Write out each line from the data below that includes the word "Used".

### [Exercise inputs]

_____

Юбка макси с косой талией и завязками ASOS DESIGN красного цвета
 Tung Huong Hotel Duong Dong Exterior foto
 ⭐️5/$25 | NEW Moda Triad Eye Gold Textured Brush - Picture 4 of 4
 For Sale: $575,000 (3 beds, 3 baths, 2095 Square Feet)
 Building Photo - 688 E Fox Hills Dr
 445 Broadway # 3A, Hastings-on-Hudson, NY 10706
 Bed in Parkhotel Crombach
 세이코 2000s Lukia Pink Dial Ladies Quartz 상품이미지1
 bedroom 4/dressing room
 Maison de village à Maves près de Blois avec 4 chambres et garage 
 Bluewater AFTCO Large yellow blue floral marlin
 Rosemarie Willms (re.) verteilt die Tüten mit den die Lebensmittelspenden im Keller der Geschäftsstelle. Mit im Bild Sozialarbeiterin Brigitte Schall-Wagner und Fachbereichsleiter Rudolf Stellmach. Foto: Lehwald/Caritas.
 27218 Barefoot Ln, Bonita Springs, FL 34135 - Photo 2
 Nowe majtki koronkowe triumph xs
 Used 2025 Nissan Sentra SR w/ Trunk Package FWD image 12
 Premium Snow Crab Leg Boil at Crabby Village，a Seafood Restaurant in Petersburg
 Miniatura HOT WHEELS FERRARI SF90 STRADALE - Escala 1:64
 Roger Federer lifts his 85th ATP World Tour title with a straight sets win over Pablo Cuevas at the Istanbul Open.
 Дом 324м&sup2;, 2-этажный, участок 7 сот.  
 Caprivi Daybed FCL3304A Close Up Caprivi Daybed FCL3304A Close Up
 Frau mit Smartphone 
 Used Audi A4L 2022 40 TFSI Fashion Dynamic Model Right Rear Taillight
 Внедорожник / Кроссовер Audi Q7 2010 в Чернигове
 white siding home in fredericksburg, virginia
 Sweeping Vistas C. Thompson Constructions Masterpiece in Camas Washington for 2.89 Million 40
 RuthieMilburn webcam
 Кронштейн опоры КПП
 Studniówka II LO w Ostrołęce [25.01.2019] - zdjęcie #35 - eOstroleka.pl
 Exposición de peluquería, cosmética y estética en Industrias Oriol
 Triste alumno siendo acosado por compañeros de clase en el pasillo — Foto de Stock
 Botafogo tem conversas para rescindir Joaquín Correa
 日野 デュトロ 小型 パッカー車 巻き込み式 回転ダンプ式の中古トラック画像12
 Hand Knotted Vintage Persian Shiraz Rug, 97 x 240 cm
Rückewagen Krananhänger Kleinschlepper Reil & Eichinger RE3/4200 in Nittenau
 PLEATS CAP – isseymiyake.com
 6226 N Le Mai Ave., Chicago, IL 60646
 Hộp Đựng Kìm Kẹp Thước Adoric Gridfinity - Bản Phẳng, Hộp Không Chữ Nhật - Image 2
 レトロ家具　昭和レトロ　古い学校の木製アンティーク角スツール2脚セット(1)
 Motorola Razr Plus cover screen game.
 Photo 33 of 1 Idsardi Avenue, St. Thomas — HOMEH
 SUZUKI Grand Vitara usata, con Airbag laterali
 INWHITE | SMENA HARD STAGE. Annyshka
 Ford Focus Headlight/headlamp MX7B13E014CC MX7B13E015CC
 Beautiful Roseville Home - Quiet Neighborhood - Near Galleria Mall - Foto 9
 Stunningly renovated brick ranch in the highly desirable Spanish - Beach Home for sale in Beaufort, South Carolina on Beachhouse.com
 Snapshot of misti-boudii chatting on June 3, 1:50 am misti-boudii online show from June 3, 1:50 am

_____

### [Finished exercise]
 Used 2025 Nissan Sentra SR w/ Trunk Package FWD image 12
 Used Audi A4L 2022 40 TFSI Fashion Dynamic Model Right Rear Taillight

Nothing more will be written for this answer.